Dataset entries:

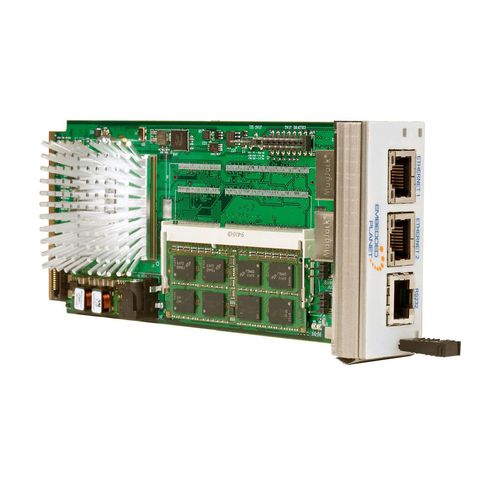 Одноплатный компьютер AdvancedMC - EP5020A  - Embedded Planet - Dual Core / PowerPC / NXP QorIQ™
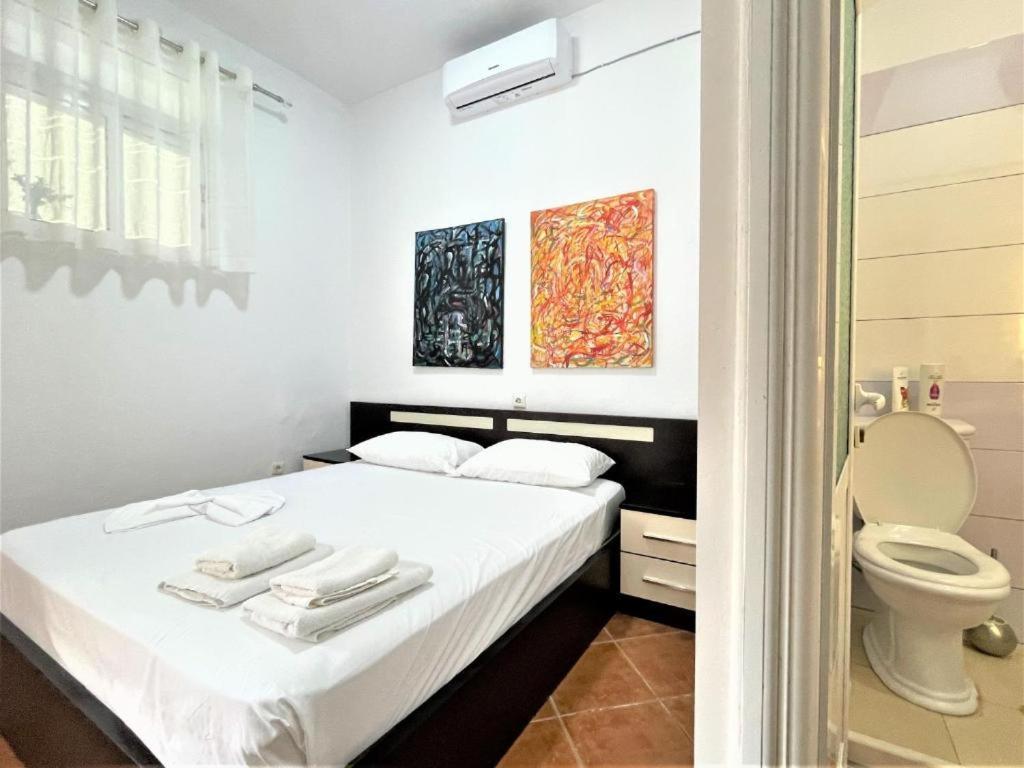 Brunari Apartment Vlore Bagian luar foto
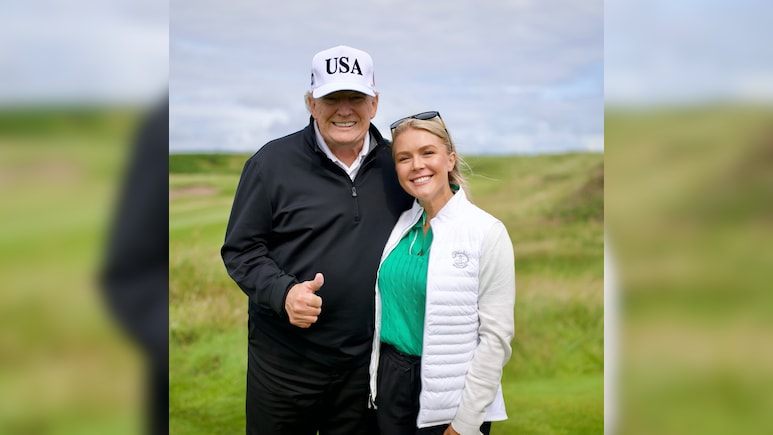 Joe Kent's Resignation: Trump Says Good Thing He's Out; Karoline Leavitt Calls Claims In His Letter 'Absurd'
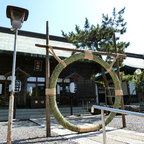 丸子神社 浅間神社　夏越大祓式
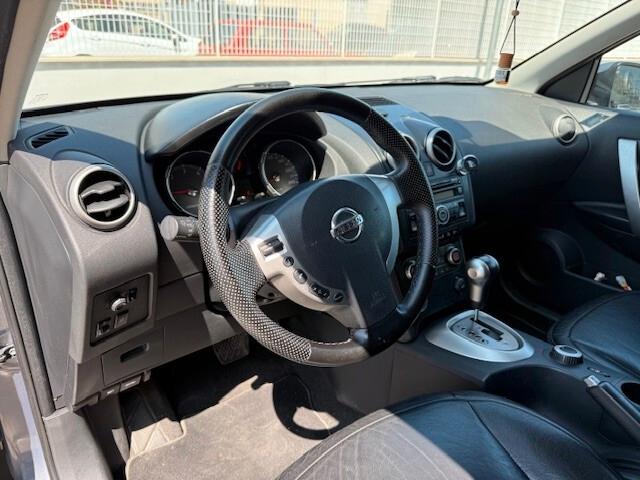 Nissan Qashqai 2.0 dCi DPF 4WD Tekna 2008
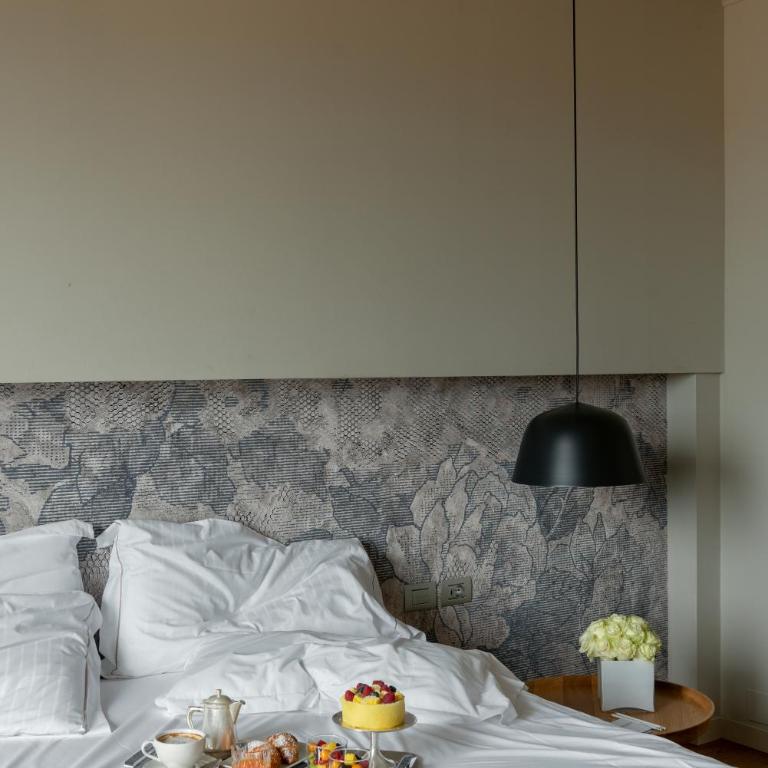 Hotel Leopardi - Junior Suite con Doccia - 9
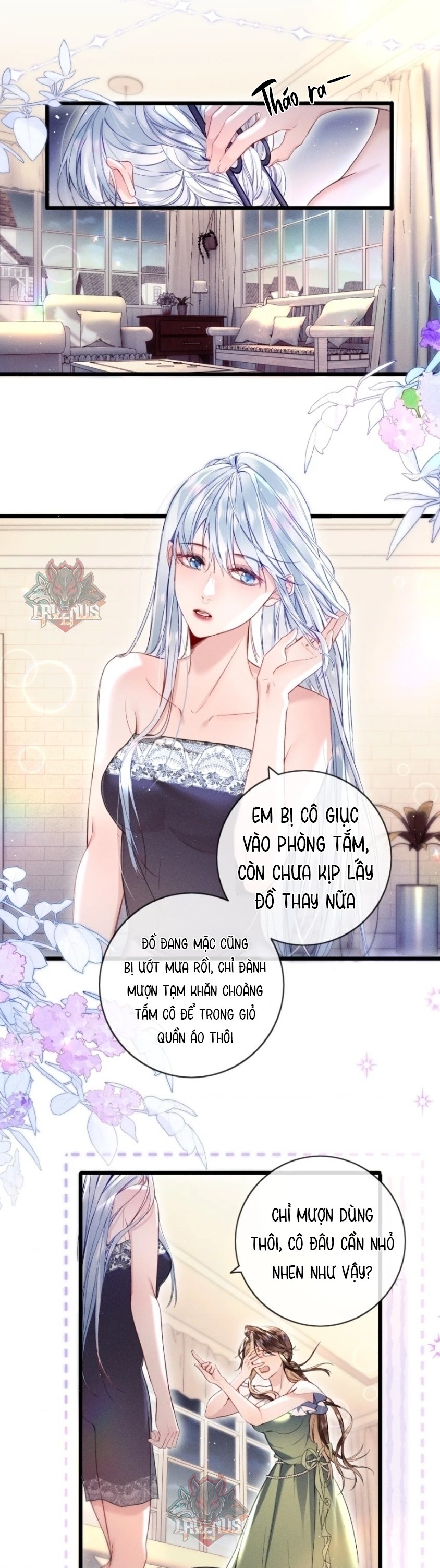đọc truyện Học Sinh Nữ Yandere Trở Thành Cấp Trên Của Tôi Chương 4 ảnh 2 tại Thiên Thai Truyện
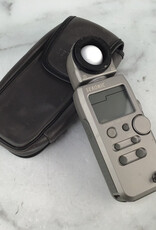 SEKONIC Sekonic Flash Master L-358 Meter w/  RT-32 Used Good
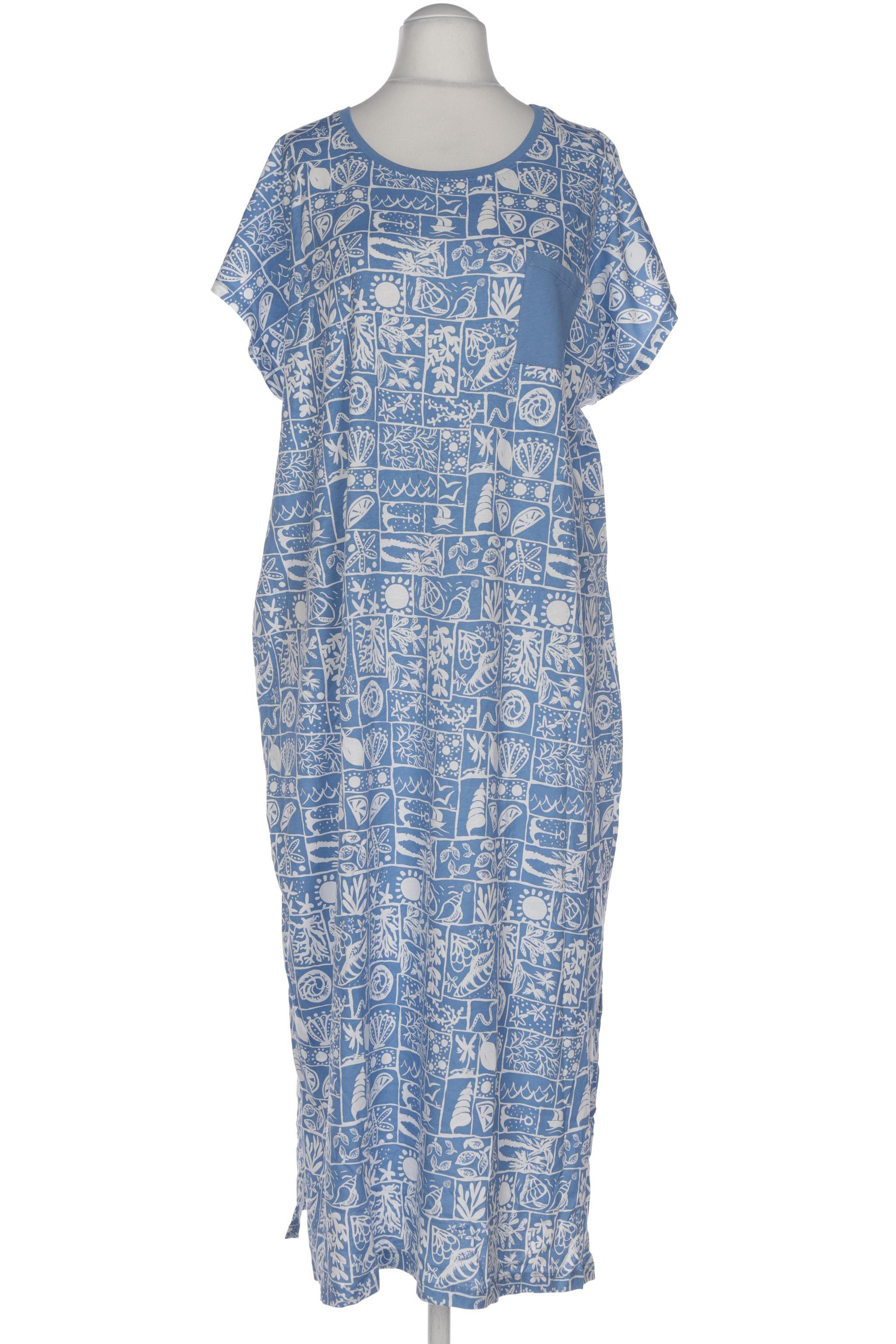 

Pure by Ulla Popken Damen Kleid, blau
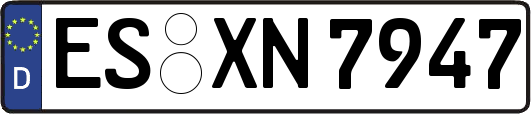 ES-XN7947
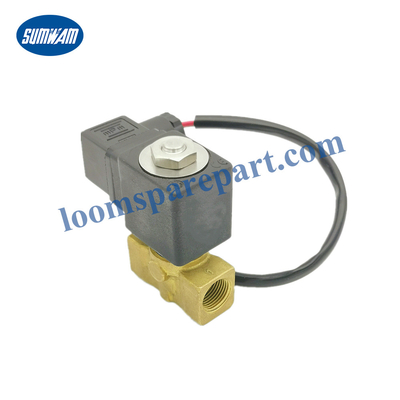 PAK Solenoid Valve 24/14W Parker ED01047C Full Valve Set Suku Cadang Tenun
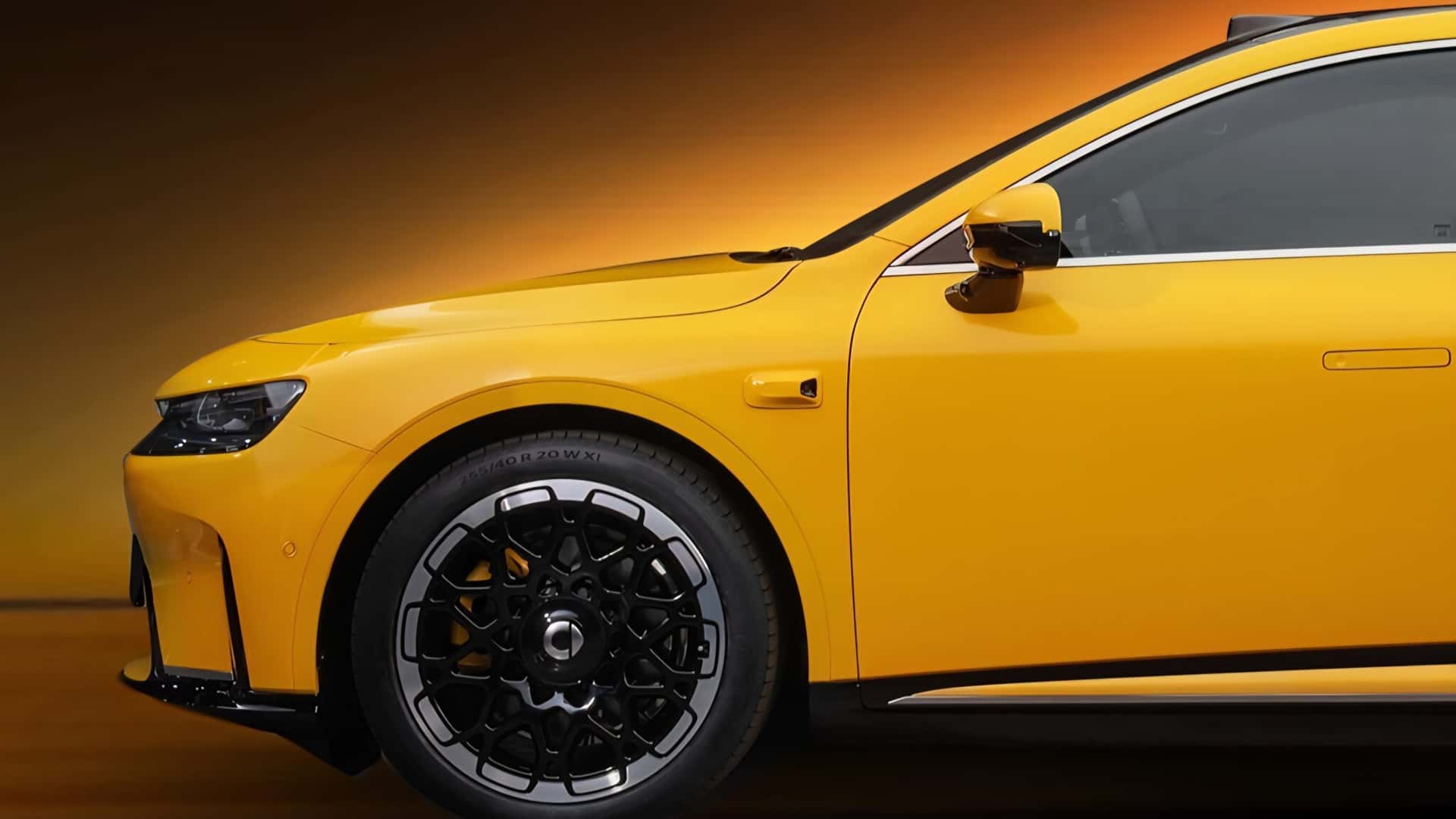 Деталь колісного диску Smart #6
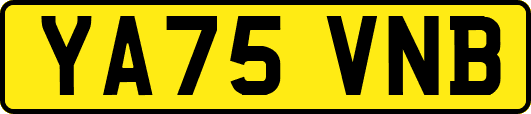 YA75VNB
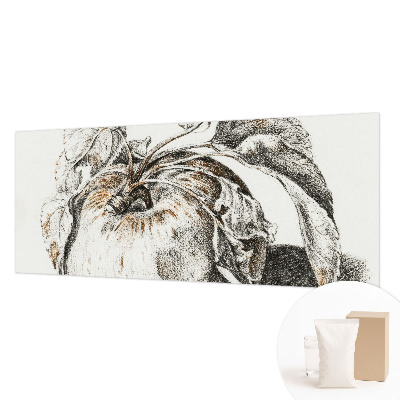 Fototapeta na zeď Jablečné listy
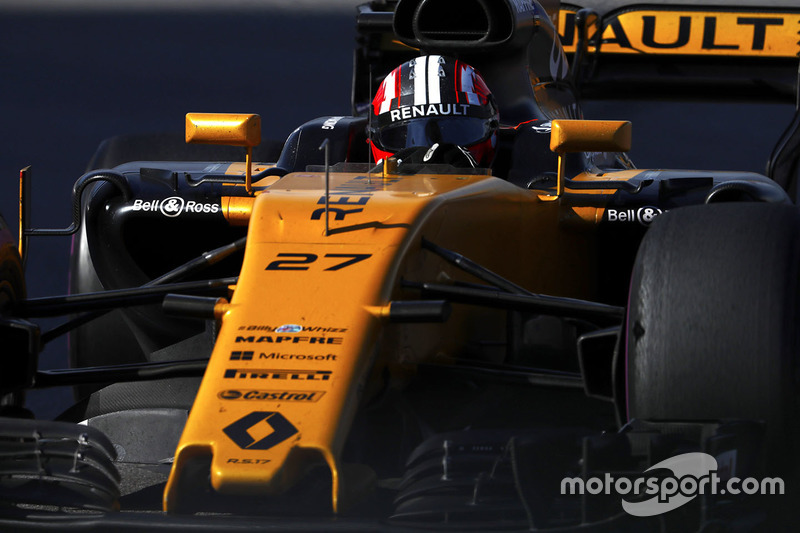 8e : Nico Hülkenberg (Renault)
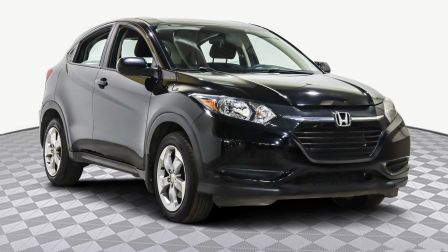 2018 Honda HR V LX AWD AUTO A/C GR ELECT MAGS CAMERA BLUETOOTH                in Victoriaville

→ **About this task**:
From the first line to the last, retype the data exactly, but omit every image.

→ **Your response**:
 Одноплатный компьютер AdvancedMC - EP5020A  - Embedded Planet - Dual Core / PowerPC / NXP QorIQ™
 Brunari Apartment Vlore Bagian luar foto
 Joe Kent's Resignation: Trump Says Good Thing He's Out; Karoline Leavitt Calls Claims In His Letter 'Absurd'
 丸子神社 浅間神社　夏越大祓式
 Nissan Qashqai 2.0 dCi DPF 4WD Tekna 2008
 Hotel Leopardi - Junior Suite con Doccia - 9
đọc truyện Học Sinh Nữ Yandere Trở Thành Cấp Trên Của Tôi Chương 4 ảnh 2 tại Thiên Thai Truyện
 SEKONIC Sekonic Flash Master L-358 Meter w/  RT-32 Used Good

Pure by Ulla Popken Damen Kleid, blau
 ES-XN7947
 PAK Solenoid Valve 24/14W Parker ED01047C Full Valve Set Suku Cadang Tenun
 Деталь колісного диску Smart #6
 YA75VNB
 Fototapeta na zeď Jablečné listy
 8e : Nico Hülkenberg (Renault)
 2018 Honda HR V LX AWD AUTO A/C GR ELECT MAGS CAMERA BLUETOOTH                in Victoriaville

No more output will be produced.